# Instructions for the task:
In the entries below, find the line with "402 - 525 NEW DUNDEE ROAD" and the line with "Vloerverwarming welke is". Print those two and everything between them exactly, and nothing else.

# The data:
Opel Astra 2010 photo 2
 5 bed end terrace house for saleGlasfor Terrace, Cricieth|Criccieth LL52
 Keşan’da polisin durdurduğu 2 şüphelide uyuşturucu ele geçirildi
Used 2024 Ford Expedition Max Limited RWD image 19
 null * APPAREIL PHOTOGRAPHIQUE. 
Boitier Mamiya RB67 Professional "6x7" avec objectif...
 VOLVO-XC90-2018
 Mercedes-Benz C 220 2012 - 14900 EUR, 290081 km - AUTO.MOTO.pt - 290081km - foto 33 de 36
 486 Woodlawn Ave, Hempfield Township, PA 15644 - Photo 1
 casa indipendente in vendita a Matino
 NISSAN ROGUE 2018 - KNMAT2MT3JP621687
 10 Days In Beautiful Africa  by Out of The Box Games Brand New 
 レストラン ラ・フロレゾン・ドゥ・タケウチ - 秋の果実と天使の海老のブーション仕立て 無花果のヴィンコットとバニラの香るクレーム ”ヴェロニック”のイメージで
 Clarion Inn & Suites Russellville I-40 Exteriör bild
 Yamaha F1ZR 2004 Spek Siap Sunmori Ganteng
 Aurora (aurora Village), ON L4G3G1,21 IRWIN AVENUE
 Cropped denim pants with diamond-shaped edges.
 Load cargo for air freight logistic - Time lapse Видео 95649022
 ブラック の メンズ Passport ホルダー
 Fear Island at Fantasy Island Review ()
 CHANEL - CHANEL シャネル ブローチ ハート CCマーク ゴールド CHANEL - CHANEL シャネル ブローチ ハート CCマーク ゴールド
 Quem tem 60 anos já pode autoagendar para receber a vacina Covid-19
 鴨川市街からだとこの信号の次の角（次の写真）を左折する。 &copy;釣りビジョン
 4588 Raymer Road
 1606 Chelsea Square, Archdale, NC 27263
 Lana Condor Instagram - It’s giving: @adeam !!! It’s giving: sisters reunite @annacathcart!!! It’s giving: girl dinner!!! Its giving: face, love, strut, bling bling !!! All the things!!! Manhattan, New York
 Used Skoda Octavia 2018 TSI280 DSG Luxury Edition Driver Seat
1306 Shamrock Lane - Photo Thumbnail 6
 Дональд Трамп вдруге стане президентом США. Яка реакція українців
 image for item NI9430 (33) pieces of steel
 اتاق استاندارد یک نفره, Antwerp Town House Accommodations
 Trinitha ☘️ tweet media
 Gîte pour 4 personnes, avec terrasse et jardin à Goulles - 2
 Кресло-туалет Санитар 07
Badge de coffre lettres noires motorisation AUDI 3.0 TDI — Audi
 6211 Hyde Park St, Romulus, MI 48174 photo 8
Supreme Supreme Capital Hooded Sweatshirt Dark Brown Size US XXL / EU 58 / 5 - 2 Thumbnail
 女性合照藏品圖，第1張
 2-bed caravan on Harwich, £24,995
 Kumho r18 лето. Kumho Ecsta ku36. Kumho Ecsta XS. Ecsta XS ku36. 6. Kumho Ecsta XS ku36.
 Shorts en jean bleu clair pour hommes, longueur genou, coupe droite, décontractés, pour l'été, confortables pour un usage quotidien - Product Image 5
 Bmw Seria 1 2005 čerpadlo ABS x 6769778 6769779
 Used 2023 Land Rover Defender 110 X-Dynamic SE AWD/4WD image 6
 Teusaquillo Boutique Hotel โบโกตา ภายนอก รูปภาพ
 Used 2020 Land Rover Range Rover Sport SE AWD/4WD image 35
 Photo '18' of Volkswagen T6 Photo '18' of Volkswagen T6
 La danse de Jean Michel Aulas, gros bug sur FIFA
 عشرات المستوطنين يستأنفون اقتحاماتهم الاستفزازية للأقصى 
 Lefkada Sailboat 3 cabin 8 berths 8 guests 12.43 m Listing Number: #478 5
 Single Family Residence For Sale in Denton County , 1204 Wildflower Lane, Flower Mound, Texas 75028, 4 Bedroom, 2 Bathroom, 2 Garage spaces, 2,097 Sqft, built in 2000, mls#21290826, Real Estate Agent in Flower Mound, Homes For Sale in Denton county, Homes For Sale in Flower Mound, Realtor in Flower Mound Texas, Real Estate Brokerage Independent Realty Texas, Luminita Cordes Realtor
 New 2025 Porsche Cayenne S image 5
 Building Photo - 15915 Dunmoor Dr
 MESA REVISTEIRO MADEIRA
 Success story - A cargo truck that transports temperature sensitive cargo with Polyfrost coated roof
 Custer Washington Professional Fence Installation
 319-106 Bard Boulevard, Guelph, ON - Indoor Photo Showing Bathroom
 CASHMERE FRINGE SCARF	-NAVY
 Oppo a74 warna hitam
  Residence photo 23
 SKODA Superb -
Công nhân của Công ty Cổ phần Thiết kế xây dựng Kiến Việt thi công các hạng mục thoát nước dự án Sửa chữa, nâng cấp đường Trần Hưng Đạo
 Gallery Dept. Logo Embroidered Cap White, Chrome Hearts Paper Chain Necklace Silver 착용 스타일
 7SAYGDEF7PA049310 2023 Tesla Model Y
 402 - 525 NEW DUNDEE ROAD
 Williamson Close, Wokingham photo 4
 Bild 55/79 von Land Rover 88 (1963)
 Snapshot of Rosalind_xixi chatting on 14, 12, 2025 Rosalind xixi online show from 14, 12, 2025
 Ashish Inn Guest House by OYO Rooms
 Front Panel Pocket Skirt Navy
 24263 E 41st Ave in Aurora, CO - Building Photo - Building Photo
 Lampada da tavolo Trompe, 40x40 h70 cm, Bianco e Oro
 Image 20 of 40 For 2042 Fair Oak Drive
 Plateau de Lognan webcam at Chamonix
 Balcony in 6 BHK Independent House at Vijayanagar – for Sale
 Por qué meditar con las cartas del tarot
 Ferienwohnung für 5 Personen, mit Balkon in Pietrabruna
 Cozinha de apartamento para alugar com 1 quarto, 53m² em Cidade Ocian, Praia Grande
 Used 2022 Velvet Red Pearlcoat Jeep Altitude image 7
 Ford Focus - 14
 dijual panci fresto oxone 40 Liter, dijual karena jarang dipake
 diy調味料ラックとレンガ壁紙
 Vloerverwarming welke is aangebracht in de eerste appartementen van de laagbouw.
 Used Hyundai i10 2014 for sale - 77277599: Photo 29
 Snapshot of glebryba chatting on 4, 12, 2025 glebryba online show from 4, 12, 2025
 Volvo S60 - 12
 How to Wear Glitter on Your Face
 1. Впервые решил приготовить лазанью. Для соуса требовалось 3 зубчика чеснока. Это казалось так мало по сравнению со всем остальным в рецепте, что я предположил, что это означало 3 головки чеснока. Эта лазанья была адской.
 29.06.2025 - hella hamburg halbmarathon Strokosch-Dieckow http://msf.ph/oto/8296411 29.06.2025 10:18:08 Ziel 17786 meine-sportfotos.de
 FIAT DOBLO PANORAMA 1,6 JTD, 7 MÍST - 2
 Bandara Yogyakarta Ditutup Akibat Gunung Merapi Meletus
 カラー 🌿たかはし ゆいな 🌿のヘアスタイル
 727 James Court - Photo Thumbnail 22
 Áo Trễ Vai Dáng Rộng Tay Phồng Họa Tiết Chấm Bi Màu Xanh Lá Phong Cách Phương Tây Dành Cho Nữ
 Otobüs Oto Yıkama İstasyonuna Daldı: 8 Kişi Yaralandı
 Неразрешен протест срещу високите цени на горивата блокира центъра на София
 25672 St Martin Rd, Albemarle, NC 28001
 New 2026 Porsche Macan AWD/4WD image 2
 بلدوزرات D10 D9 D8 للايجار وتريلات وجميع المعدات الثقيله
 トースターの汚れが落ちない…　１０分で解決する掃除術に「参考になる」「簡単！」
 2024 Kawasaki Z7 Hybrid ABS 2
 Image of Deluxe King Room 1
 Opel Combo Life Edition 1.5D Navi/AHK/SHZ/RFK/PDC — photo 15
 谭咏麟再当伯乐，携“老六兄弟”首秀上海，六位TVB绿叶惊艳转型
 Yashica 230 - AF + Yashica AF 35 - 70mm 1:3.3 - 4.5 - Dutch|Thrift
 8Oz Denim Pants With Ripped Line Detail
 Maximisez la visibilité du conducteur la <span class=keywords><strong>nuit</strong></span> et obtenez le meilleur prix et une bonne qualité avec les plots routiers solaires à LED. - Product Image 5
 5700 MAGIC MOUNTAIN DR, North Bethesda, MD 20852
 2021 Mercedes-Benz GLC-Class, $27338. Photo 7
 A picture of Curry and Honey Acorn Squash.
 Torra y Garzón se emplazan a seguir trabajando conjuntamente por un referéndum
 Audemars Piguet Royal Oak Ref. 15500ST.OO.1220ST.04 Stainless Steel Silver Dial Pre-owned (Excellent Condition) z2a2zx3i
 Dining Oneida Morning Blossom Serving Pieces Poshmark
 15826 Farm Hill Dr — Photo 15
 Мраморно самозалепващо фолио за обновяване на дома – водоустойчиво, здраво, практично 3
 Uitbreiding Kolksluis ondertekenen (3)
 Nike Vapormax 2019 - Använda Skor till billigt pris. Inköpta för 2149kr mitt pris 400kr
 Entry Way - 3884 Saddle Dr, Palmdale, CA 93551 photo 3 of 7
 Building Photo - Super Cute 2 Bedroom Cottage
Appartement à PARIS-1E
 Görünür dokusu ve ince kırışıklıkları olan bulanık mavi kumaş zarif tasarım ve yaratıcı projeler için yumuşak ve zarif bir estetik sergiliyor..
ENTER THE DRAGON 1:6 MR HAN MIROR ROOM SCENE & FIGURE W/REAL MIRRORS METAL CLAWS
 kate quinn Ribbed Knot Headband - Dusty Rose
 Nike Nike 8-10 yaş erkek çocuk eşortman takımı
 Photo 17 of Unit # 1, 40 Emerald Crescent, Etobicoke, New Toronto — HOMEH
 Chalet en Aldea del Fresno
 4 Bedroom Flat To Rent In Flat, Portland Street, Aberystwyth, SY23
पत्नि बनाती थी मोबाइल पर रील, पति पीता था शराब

# Solution to this problem:
 402 - 525 NEW DUNDEE ROAD
 Williamson Close, Wokingham photo 4
 Bild 55/79 von Land Rover 88 (1963)
 Snapshot of Rosalind_xixi chatting on 14, 12, 2025 Rosalind xixi online show from 14, 12, 2025
 Ashish Inn Guest House by OYO Rooms
 Front Panel Pocket Skirt Navy
 24263 E 41st Ave in Aurora, CO - Building Photo - Building Photo
 Lampada da tavolo Trompe, 40x40 h70 cm, Bianco e Oro
 Image 20 of 40 For 2042 Fair Oak Drive
 Plateau de Lognan webcam at Chamonix
 Balcony in 6 BHK Independent House at Vijayanagar – for Sale
 Por qué meditar con las cartas del tarot
 Ferienwohnung für 5 Personen, mit Balkon in Pietrabruna
 Cozinha de apartamento para alugar com 1 quarto, 53m² em Cidade Ocian, Praia Grande
 Used 2022 Velvet Red Pearlcoat Jeep Altitude image 7
 Ford Focus - 14
 dijual panci fresto oxone 40 Liter, dijual karena jarang dipake
 diy調味料ラックとレンガ壁紙
 Vloerverwarming welke is aangebracht in de eerste appartementen van de laagbouw.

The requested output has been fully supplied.